In the case of SQL, that would be things like Schema, choice of Index columns, views, stored procs, joins, SQL statement contents.
In some cases, the performance of a SQL statement can be horrible, but can be rewritten in a different way to answer the same question but have stellar performance.
Not necessarily true - simple things like the standard algorithm for matrix multiplication could easily scale if most matrix operations are done on explicit and well defined matrices rather than by someone who re-invented the wheel. True, we should distinguish between the language and the library (it seems more of the library is built into Java than with C, but that is natural as Java is a much younger language). Still there are certain tendencies that one develops in programming in different languages that can alter performance and even internally, and of course the nature of garbage collection can always affect things.
In my experiences developing applications in both the business and gaming industries, most applications beyond a simple cookbook app/crappy blog are highly object oriented. How else can you explain the wealth of approaches like ORM mappers, the repository and active record patterns, etc ? They are just patches on the relational model to make them friendly to application code. If your domain objects are consistently flat, you are probably doing something wrong. I for one do not want to use an API with Address1 - Address5 string properties. What you just listed as story, post, etc are all just objects, usually with nesting. Relational databases suck at dealing with complex object hierarchies, hence all the joins just because object A has a collection of object Bs which contain an object C.
Can you please define what a sophisticated fashion means? Unless you are a DBA and love SQL/config work, it is far easier to write constraints using an object database. You simply use the same validation and rules you should already be using in your application. If you rely on your database along to enforce things like required fields, atomicity, etc, then you have failed at creating a good application and likely are ripe for exploits, security holes, bad data, etc anyway. It is true that relational DBs provide certain easy facilities, but any decent Object Database provides most if not more of these same constructs in another form through its API. For instance, most object databases I have used provide some sort of transactional data structure that supports far more types of locking and concurrency/conflict management than any relational DBs I have ever seen. Further, since most object databases are defined and consumed in the languages you develop against with them, the sophistication is limited to the language. I'd say you can do a lot more in Smalltalk than SQL for instance.
If you're referring to querying, apparently you've never queried in Smalltalk, C# with LINQ, LISP, or even just using lambdas in python or ruby. Querying using the actual object is typically far easier than writing a SQL query. These days it is becoming increasingly rare that someone rolls all their own queries in your average app anyway (see ORMs). You'll often end up with something like an ORM translating some things from the UI into a boat load of queries, then you'll have to go and find fixes for the ORM to avoid making the application grind to a halt due to all the chatter. Although a lot of that is often the function of UI elements, ultimately there is a lot of overhead created by patching the relational and object disconnect.

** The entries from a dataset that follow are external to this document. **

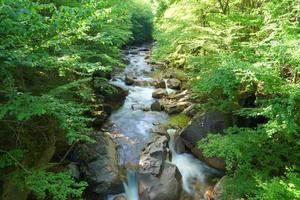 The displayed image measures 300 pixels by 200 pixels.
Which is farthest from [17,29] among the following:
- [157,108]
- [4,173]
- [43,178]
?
[157,108]

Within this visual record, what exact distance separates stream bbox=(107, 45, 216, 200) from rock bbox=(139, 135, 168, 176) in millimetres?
274

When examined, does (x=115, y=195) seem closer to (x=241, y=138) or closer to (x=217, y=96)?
(x=241, y=138)

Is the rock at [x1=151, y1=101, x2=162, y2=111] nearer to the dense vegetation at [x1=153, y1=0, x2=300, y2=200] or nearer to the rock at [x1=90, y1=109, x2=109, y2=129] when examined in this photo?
the rock at [x1=90, y1=109, x2=109, y2=129]

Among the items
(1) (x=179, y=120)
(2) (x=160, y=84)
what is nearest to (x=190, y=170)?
(1) (x=179, y=120)

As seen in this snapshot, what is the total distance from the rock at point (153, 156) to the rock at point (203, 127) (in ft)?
2.92

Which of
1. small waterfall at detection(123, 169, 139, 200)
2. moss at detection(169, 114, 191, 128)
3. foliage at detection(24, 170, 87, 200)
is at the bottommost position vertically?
small waterfall at detection(123, 169, 139, 200)

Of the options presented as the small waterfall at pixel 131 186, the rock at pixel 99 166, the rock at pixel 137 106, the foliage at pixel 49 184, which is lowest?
the small waterfall at pixel 131 186

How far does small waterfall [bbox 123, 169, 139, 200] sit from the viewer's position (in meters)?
8.56

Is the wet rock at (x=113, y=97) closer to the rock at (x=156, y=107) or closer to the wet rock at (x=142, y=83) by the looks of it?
the rock at (x=156, y=107)

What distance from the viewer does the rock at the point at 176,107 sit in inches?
522

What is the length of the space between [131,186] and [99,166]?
1.16 meters

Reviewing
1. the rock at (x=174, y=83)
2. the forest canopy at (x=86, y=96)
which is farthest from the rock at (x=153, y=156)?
the rock at (x=174, y=83)

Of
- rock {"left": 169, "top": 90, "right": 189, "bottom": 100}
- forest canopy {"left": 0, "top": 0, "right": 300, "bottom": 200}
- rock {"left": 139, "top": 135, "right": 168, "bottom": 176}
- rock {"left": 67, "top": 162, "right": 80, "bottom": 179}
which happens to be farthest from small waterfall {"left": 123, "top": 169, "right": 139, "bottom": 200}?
rock {"left": 169, "top": 90, "right": 189, "bottom": 100}

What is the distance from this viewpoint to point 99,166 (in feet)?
28.6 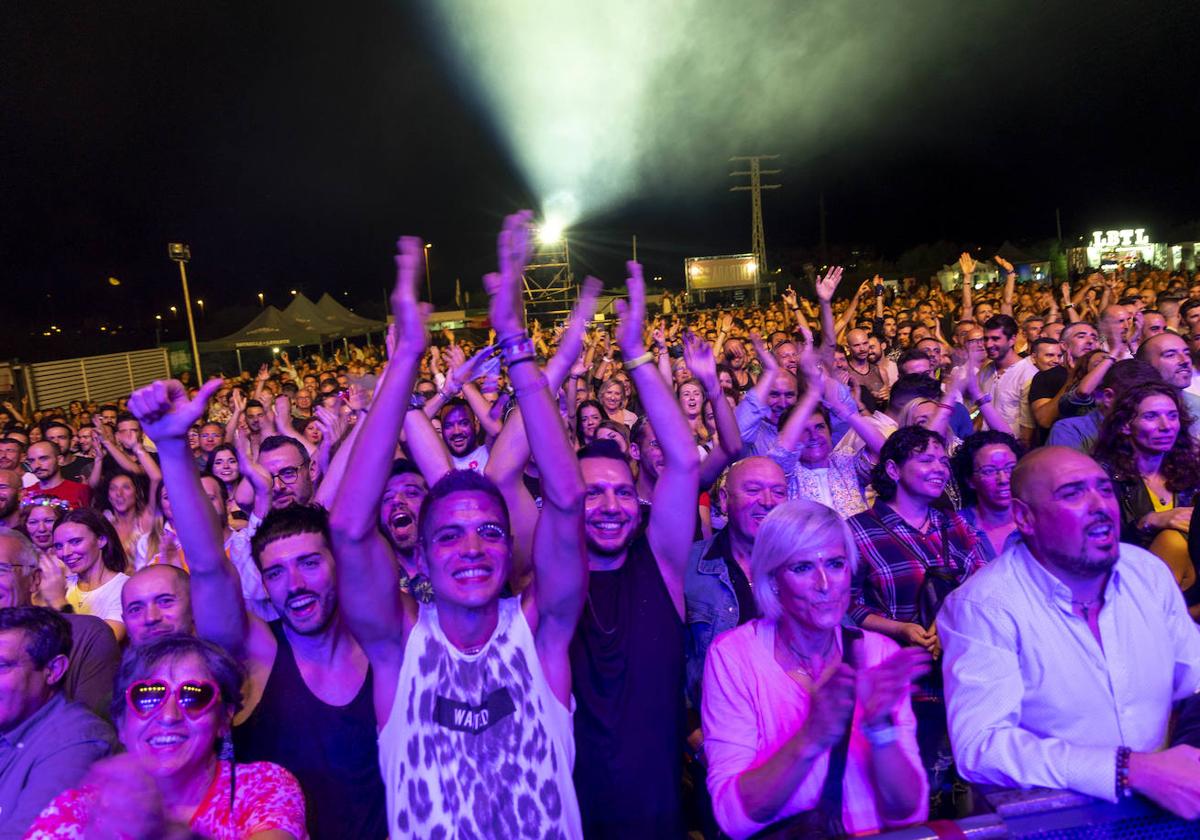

I am wondering how you think going from relational back to objects, even flat ones is somehow easier and more consistent. You're adding an extra language, more layers, and more configuration/management for what gain? Object databases hold records for things like throughput for transactions, data population, etc. The performance thing is a myth of the past. I'd say the stumbling block if anything is simply bad developers. An RDBMS does add some what of an idiot proof layer, but really in the end you just end up with even crappier code in other spots.
Finally, you mention that discrete queries are easier to optimize. I again must disagree. If you want discrete queries, you could describe each query on an object with another object. This is exactly what any good developer should be doing with an ORM anyway. For instance, you could use the specification pattern with the repository pattern to describe and issue your queries, object db or rdbms. Secondly, instead of some crappy tools from the maker of the RDBMS, using an object DB I now have the full facilities of the language to do performance optimization, profiling, logging, etc rather than what a vendor provides. MSSQL provides some great tools for example, but most other DBs while nice implementation wise, provide horrific tool chains.
It is true there are some problems an RDBMS is good for, but your post comes off like someone who has never really use
Thanks for the comprehensive reply.
ORMs are syntactic sugar for the underlying database operations. It's possible to bypass them when you need SQL's full power and access the same data store.
So create a table of addresses and use foreign keys to connect them to whatever other table you'd like. Since when does a relational structure require a garbage schema like your example. But surely you know all that.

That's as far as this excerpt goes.